Jul 25, 2014

Hollywood Turning Westchester Into Winter Wonderland

The stars came to Tarrytown and brought fake snow with them to make Warner Brothers blockbuster, "A Winter's Tale."

Hollywood Turning Westchester Into Winter Wonderland

Although Westchester has not had much snow accumulation this season, folks may have noticed that Lyndhurst in Tarrytown seems to be enjoying its very own weather system.

In fact, Lyndhurst was recently the site of a film shoot for what promises to be a major holiday hit, starring all kinds of big name actors, and creating its own snowy landscape.

Lyndhurst Director of Communications Christine Plazas confirmed that shooting just wrapped for A Winter’s Tale based on Mark Helprin’s bestseller by the same name.

“It really will be spectacular,” Plazas said of the movie slated for release during the holiday season in 2014.

A Winter's Tale is the directorial debut of Akiva Goldsman, who also wrote the script.
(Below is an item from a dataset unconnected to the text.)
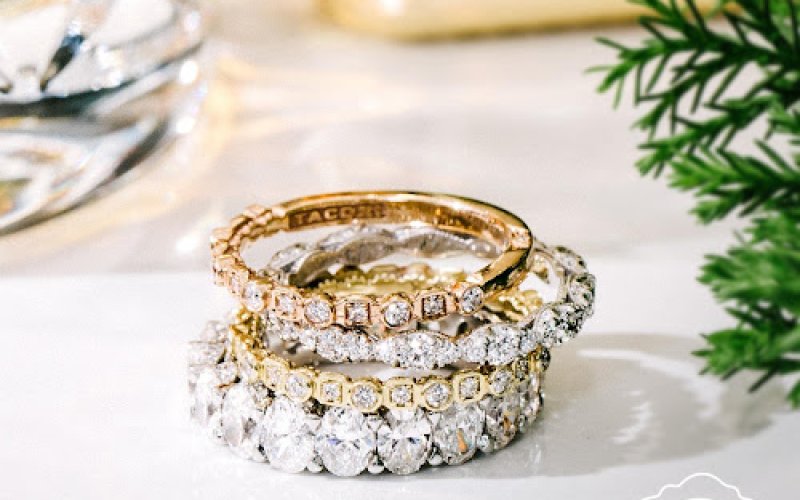 Marci Jewelry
He is the Oscar-winning screenwriter for A Beautiful Mind.

Coincidentally, Sylvia Nasar, author of the book A Beautiful Mind, lives in Tarrytown and was recently in the news for her lawsuit filed against Columbia University for close to $1 million for an endowment grant she says she is owed.
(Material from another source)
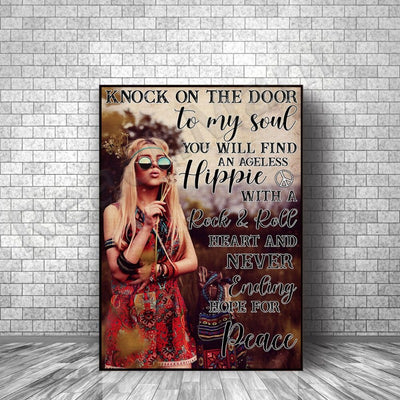 affiche-publicitaire-hippie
The Hollywood Reporter is calling A Winter's Tale a:

sweeping drama about reincarnation...The story…focuses on a thief on the run who, when breaking into a wealthy man’s home, strikes up a relationship with the man’s terminally ill daughter. A flying horse and a time-shift 100 years also figures into the equation.

The movie will jump from 1899 featuring Lyndhurst and the Coe Hall mansion in Long Island to contemporary Manhattan. Stars of the flick include Russell Crowe as a ruthless mobster, Will Smith in a cameo as a judge and Jennifer Connelly, who costarred with Crowe in A Beautiful Mind.

Deadline reported the following famous additions to the $46 million Warner Brothers' film: William Hurt as the dying girl’s father, Collin Farrell as the thief, Downtown Abbey’s Jessica Brown Findlay as the dying young girl and Eva Marie Saint.

Plazas said the crew had been at Lyndhurst three times since the fall, for several days each time, and “was just delightful to work with.”

The snow production to cover the front lawn (since nature did not deliver) happened on the Monday prep day and took five hours, involving huge machines and the building itself getting covered with a tent.

Plazas couldn’t share names or photos – beyond the one of the snowy grounds  – and said that while Russell Crowe was not on set, “the others were here.”

Presumably some Tarrytown business owners and patrons got a brush with fame as most of the cast went to to Main Street to dine locally for lunch, so “they did bring in some business," Plazas said.

And of course film shoots are a boon for Lyndhurst, a not-for-profit, where the money, said Plazas, is “well-needed to keep us operating.”